┌─ Record extracts
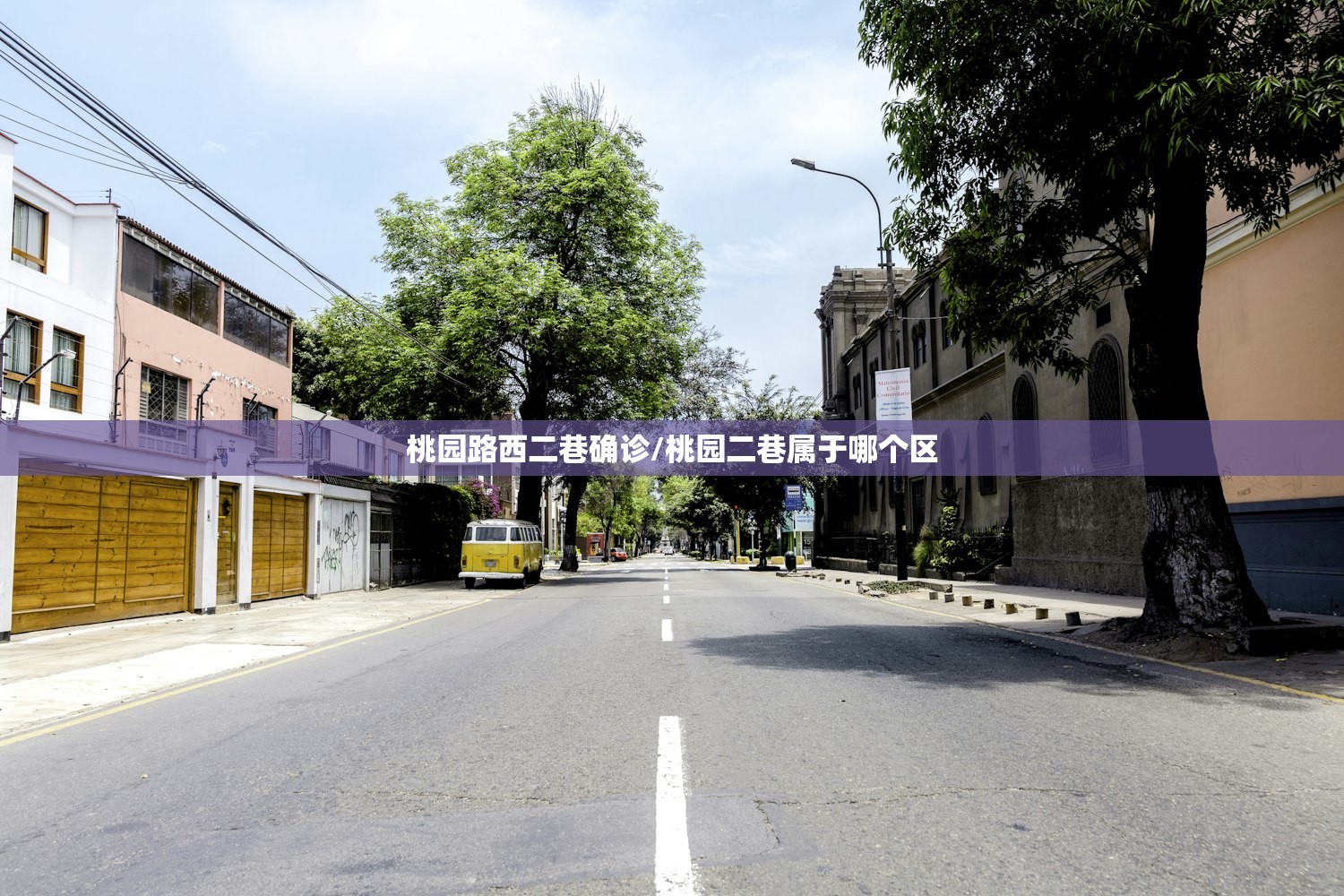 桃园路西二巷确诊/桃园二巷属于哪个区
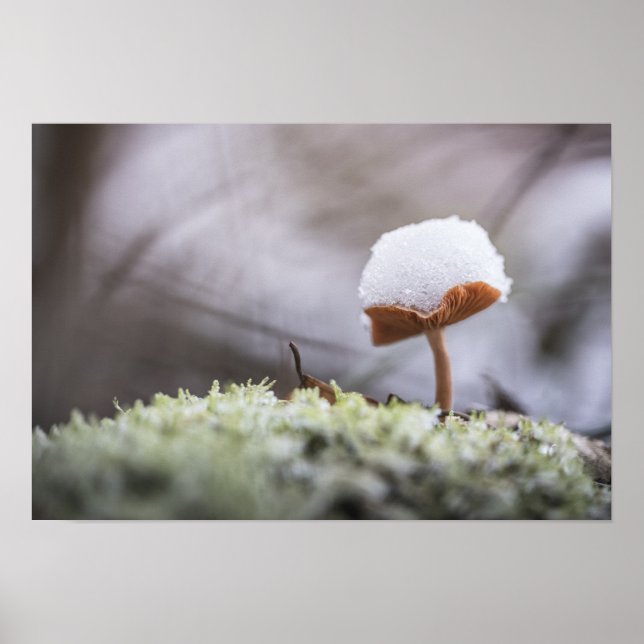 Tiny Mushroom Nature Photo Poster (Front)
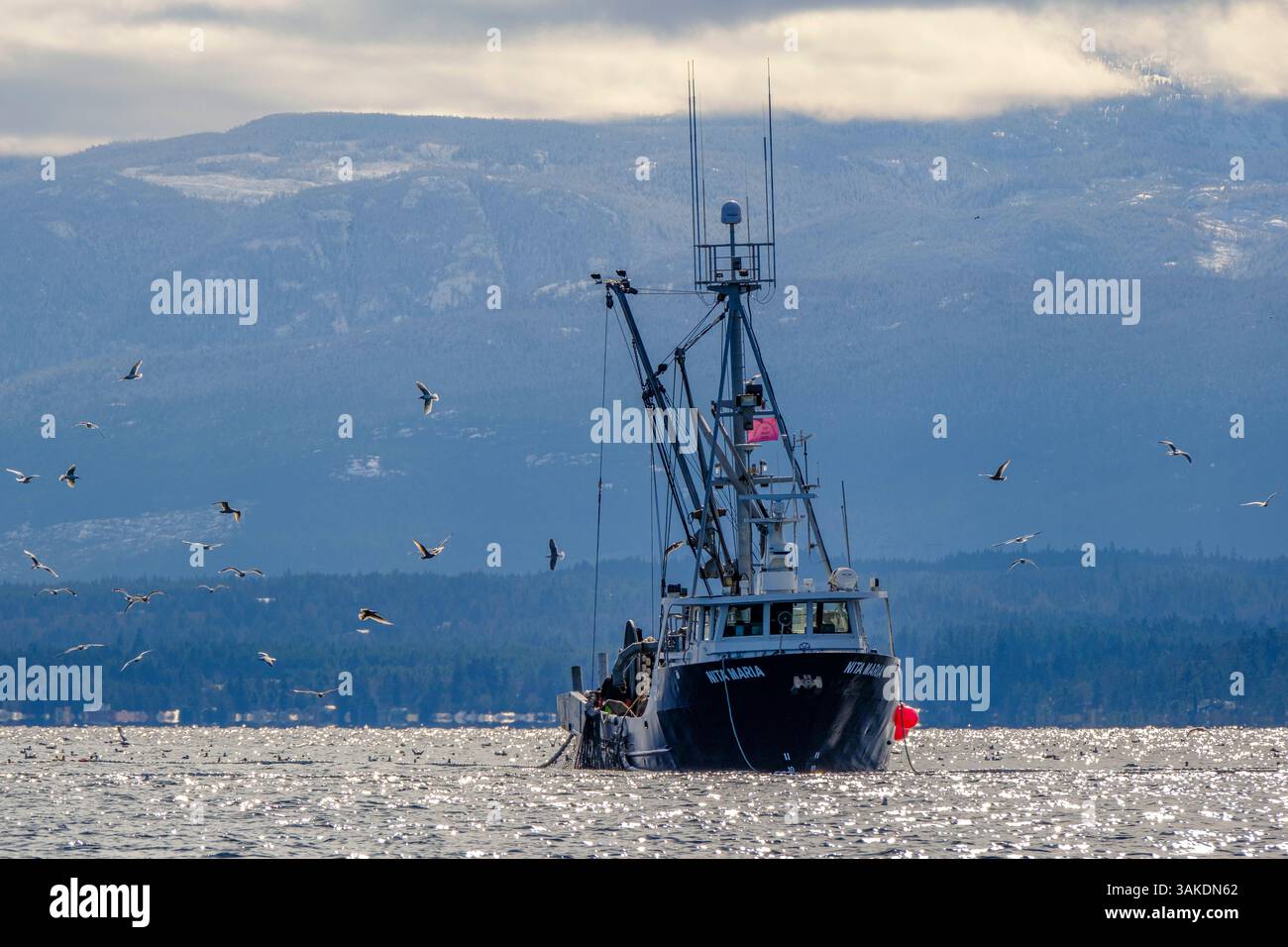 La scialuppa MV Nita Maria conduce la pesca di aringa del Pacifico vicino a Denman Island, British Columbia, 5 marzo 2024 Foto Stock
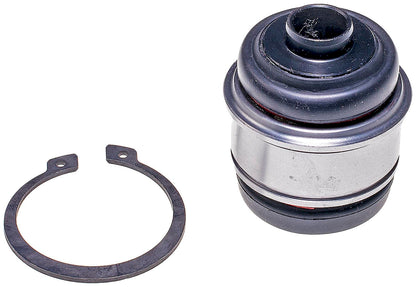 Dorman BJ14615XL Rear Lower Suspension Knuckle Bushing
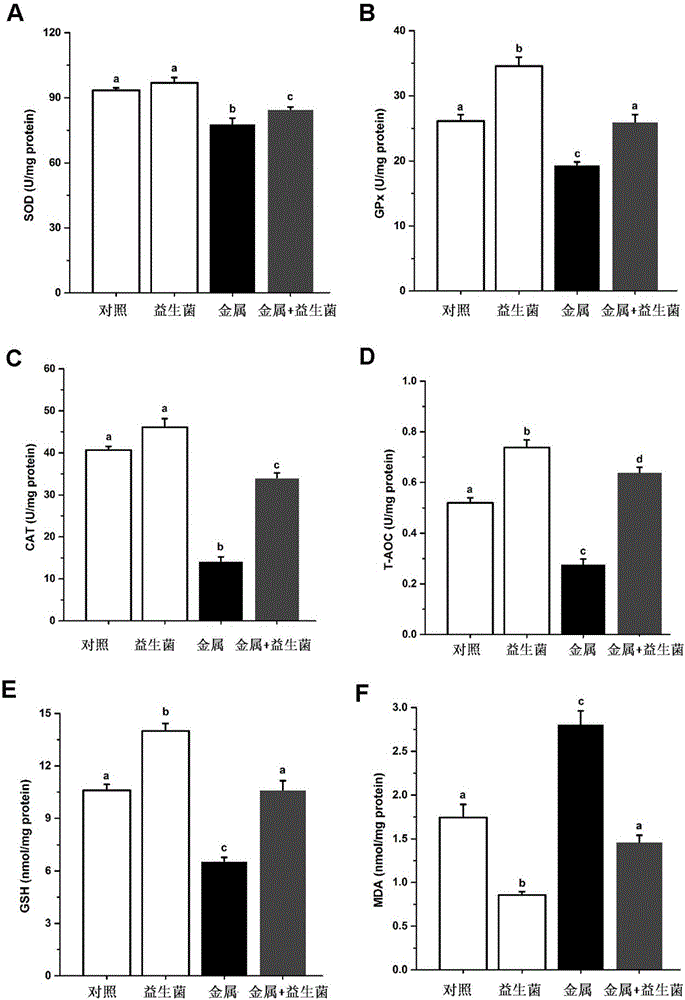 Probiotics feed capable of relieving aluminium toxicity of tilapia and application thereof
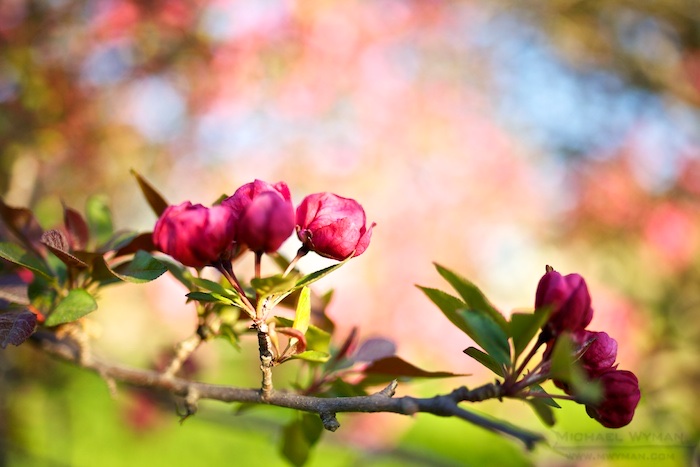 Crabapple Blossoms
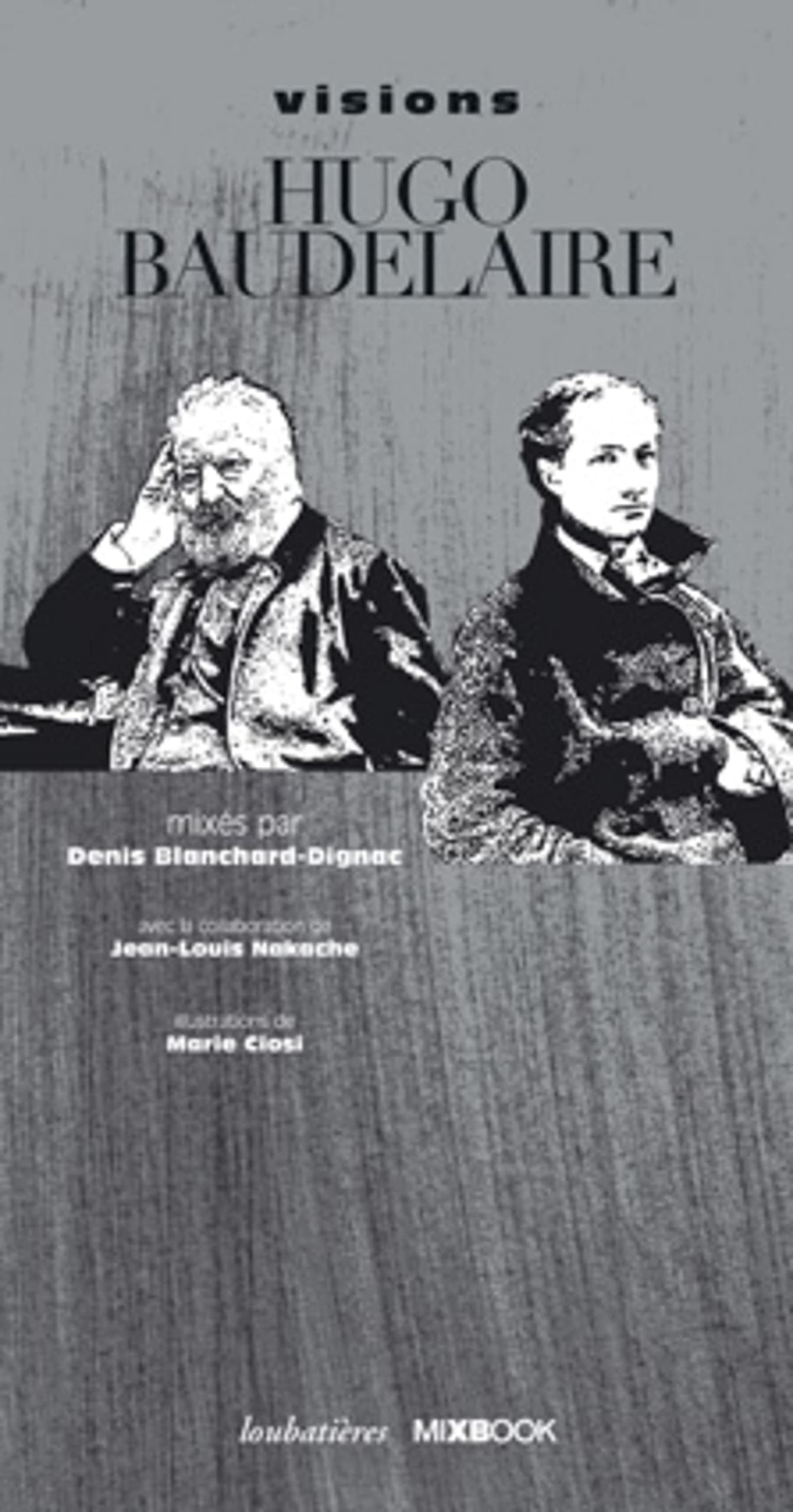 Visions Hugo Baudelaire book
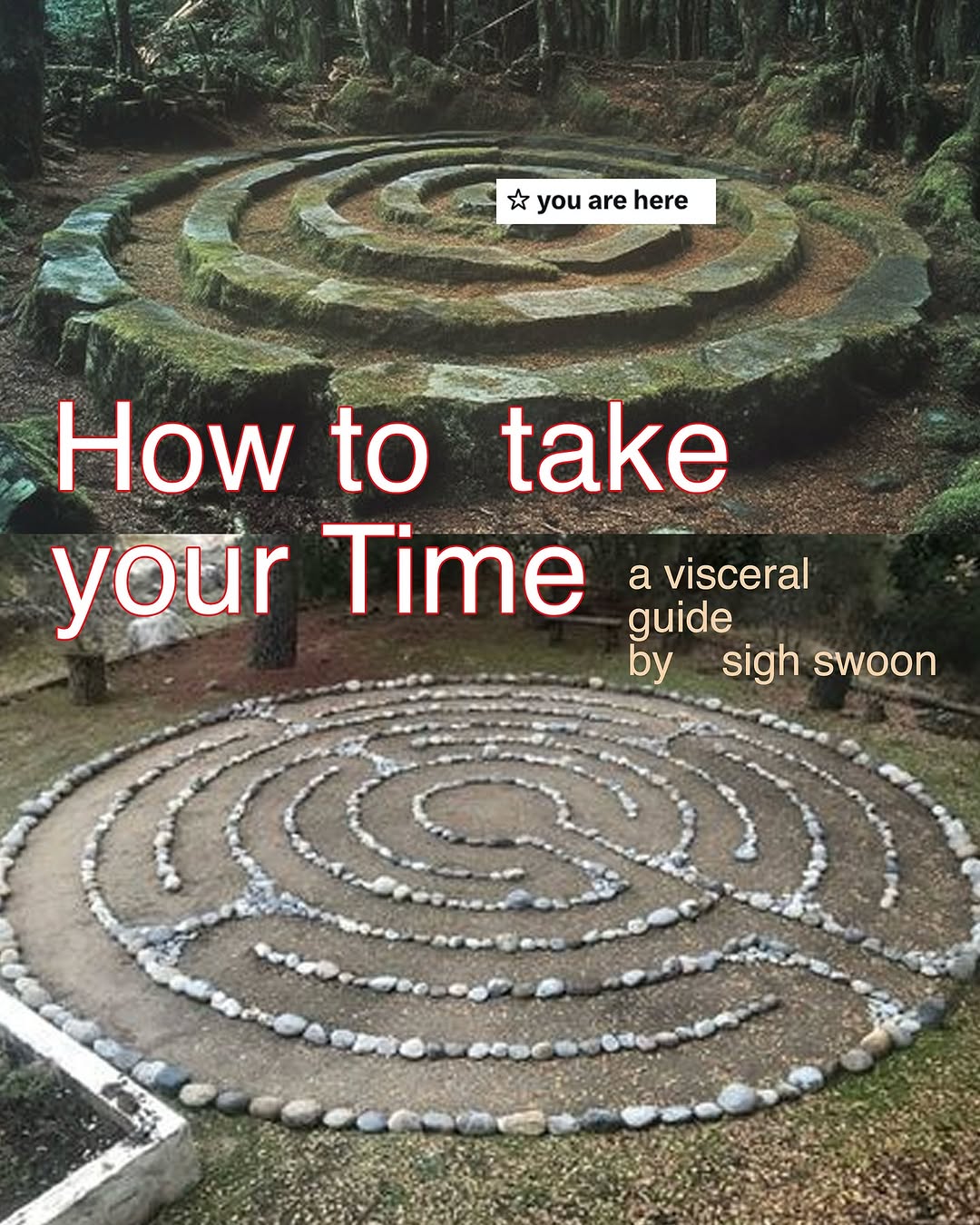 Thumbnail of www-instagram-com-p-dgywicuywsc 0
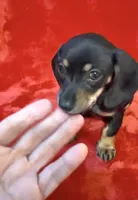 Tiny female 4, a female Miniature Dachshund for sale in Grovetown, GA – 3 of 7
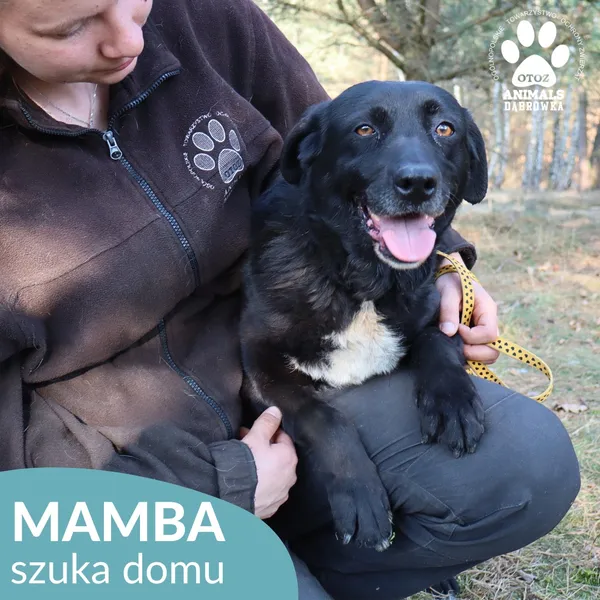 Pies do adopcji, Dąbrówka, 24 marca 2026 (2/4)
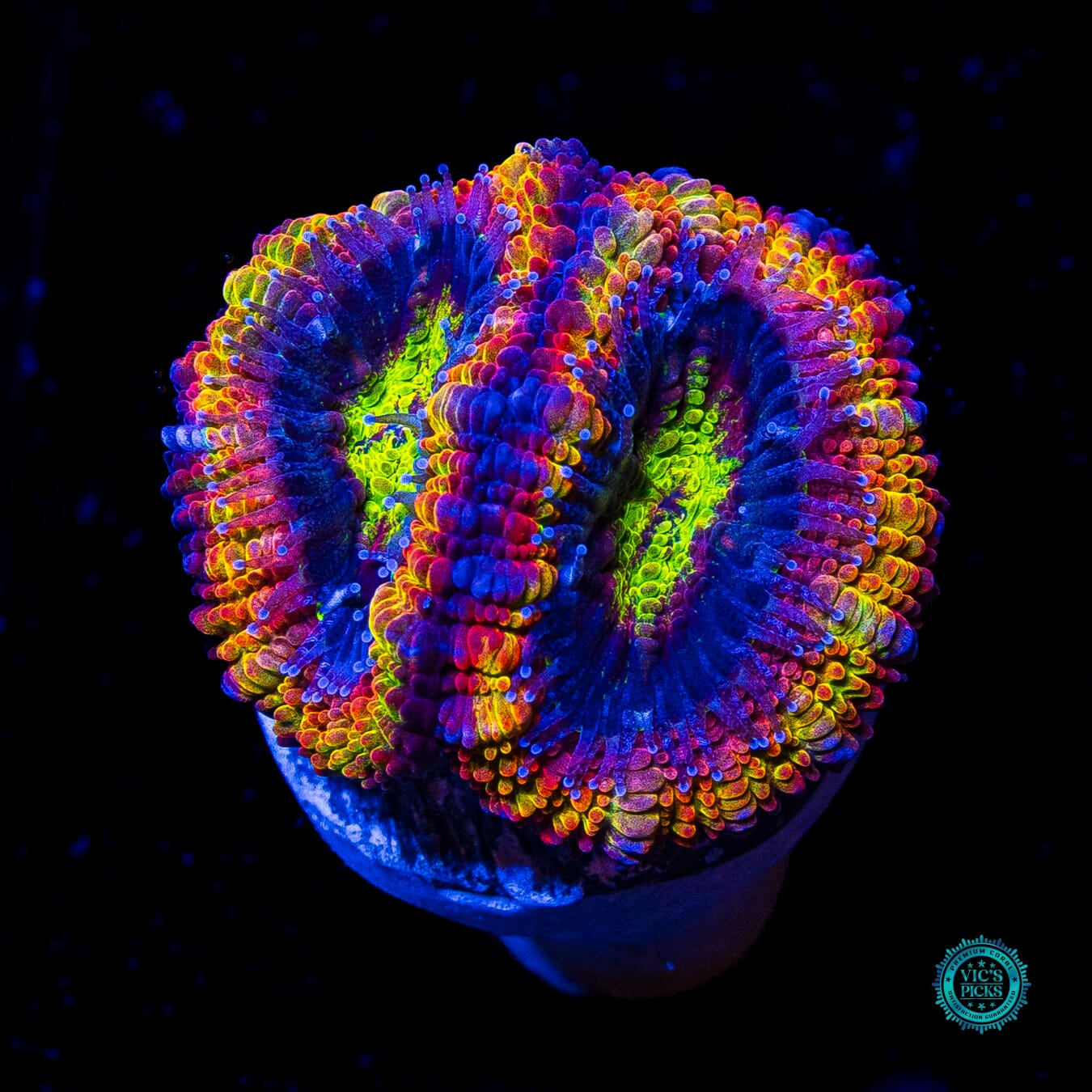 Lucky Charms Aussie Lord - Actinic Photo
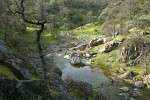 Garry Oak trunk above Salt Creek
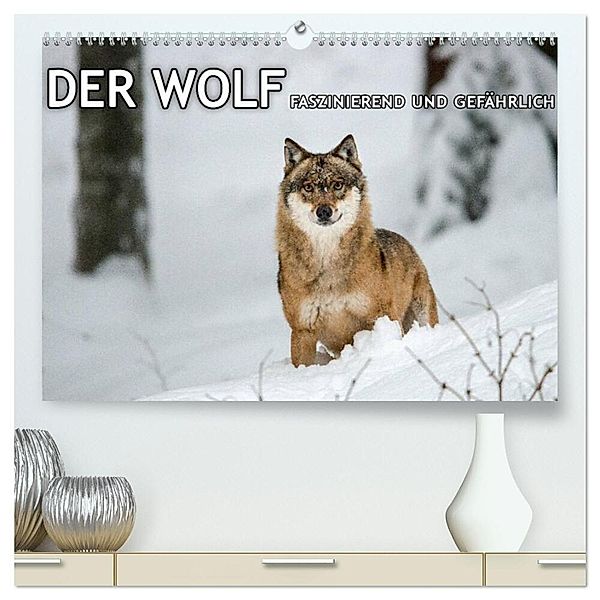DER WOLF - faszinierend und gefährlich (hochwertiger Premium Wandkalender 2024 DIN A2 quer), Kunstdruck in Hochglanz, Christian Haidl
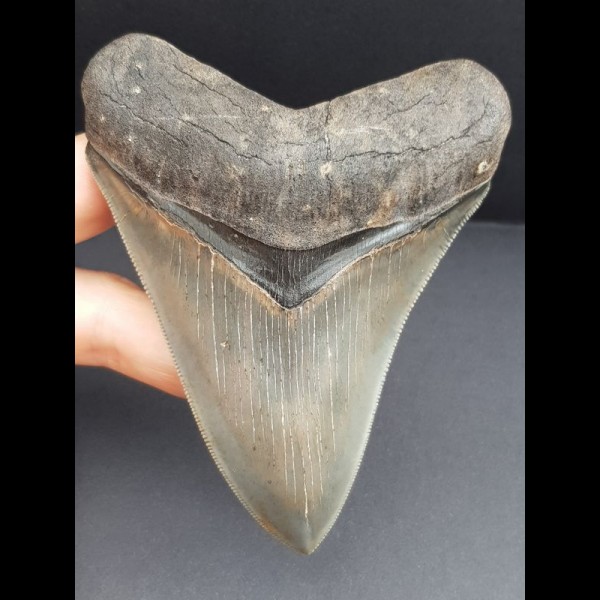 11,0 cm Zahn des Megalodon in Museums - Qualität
└─
» **Task directions**
Leave the pictures out and repeat exactly the lines from the beginning of the records to the line bearing "Dorman BJ14615XL Rear", both ends counted.

» **Solution to the exercise**
 桃园路西二巷确诊/桃园二巷属于哪个区
 Tiny Mushroom Nature Photo Poster (Front)
 La scialuppa MV Nita Maria conduce la pesca di aringa del Pacifico vicino a Denman Island, British Columbia, 5 marzo 2024 Foto Stock
 Dorman BJ14615XL Rear Lower Suspension Knuckle Bushing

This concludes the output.